The long-chain binary acid is an important intermediate raw material in the chemical process, and is a main raw material for synthesizing special products such as musk-T, copolyamide hot melt adhesive, nylon, engineering plastics and the like. The long-chain dibasic acid is used as a basic raw material to produce and synthesize fine chemical products such as high-grade spice musk, high-grade nylon rubber, high-temperature electrolyte, high-grade hot melt adhesive, cold-resistant plasticizer, high-grade lubricating oil, high-grade paint, coating and the like, and the method is widely applied to the fields of chemical industry, light industry, pesticide, medicine, liquid crystal material, military industry and the like.
Due to wide application of the long-chain dicarboxylic acid, the downstream product has excellent performance and wide development potential. The demand of long-chain dibasic acid is increasing at home and abroad, and the market potential is very large.

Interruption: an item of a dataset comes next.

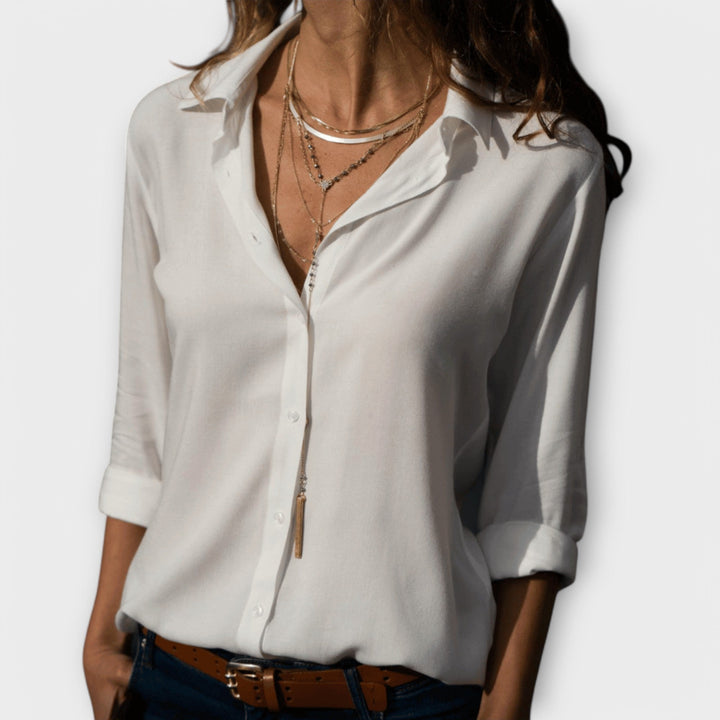 Elegant multi-color women's blouse for versatile office & evening wear. Chic long sleeve tailored top.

The traditional long-chain dibasic acid extraction technology is that liquid alkali is added into fermentation liquor, the pH value of the fermentation liquor is adjusted to 9-11 from 6-7, long-chain dibasic acid is dissolved in water in the form of dibasic acid sodium salt, the temperature is raised to more than 70 ℃, thalli and other impurities are removed through membrane filtration, concentrated sulfuric acid is added into obtained filtrate, a method of replacing weak acid with strong acid is used for extracting a dibasic acid product, and after membrane filtration is finished, a cleaning agent and softened water are used for cleaning a membrane group to ensure the filtration performance of the product. Dangerous chemicals such as strong acid, strong base, cleaning agent and the like are required in the production of the method, the consumption of water, electricity and steam is high, the amount of discharged wastewater is large, sodium sulfate contained in the wastewater is difficult to treat, the equipment price is high, and the investment is large.
Disclosure of Invention
The invention provides a method for extracting long-chain dibasic acid from fermentation liquor with the pH value of 6.5-7.5 and the temperature of lower than 30 ℃, which effectively solves the problems that dangerous chemicals such as strong acid, strong alkali, cleaning agent and the like are required to be used, the energy consumption and the waste discharge are high, sodium sulfate is difficult to treat, the equipment cost is high and the like, wherein the prepared long-chain dibasic acid comprises one or more long-chain dibasic acids of C10-C18. The technical scheme is as follows:
a method for extracting long-chain dicarboxylic acid from fermentation liquor comprises the following steps:
s1: inputting the fermented liquid into a fermented liquid storage tank after fermentation;
s2: primary centrifugation: conveying the fermentation liquor into a first horizontal spiral centrifuge by a fermentation liquor storage tank to obtain a long-chain dibasic acid solid phase and a liquid phase mainly containing thalli, inputting the long-chain dibasic acid solid phase into a first slurry mixing tank, and inputting the liquid phase mainly containing thalli into a mother liquor tank;
s3: adding water for primary size mixing: adding normal-temperature softened water into the first slurry mixing tank, starting the first slurry mixing tank to stir after the long-chain dicarboxylic acid solid phase enters the first slurry mixing tank, and forming a long-chain dicarboxylic acid solid-liquid mixed material;
s4: and (3) secondary centrifugation: conveying the long-chain dicarboxylic acid solid-liquid mixed material in the first slurry mixing tank into a second horizontal spiral centrifugal machine to obtain a long-chain dicarboxylic acid solid phase and a liquid phase containing a small amount of thalli, and conveying the liquid phase containing the small amount of thalli into a mother liquor tank;
s5: and (3) secondary water adding and size mixing: conveying the long-chain dicarboxylic acid solid phase to a second slurry mixing tank by a second horizontal spiral centrifuge, adding normal-temperature softened water into the second slurry mixing tank, and opening the second slurry mixing tank to stir after the long-chain dicarboxylic acid solid phase enters the second slurry mixing tank to form a long-chain dicarboxylic acid solid-liquid mixed material;
s6: and (3) filter pressing: and conveying the long-chain dicarboxylic acid solid-liquid mixed material in the second slurry mixing tank into a plate-and-frame filter press, cleaning, squeezing and blow-drying to obtain a long-chain dicarboxylic acid solid phase.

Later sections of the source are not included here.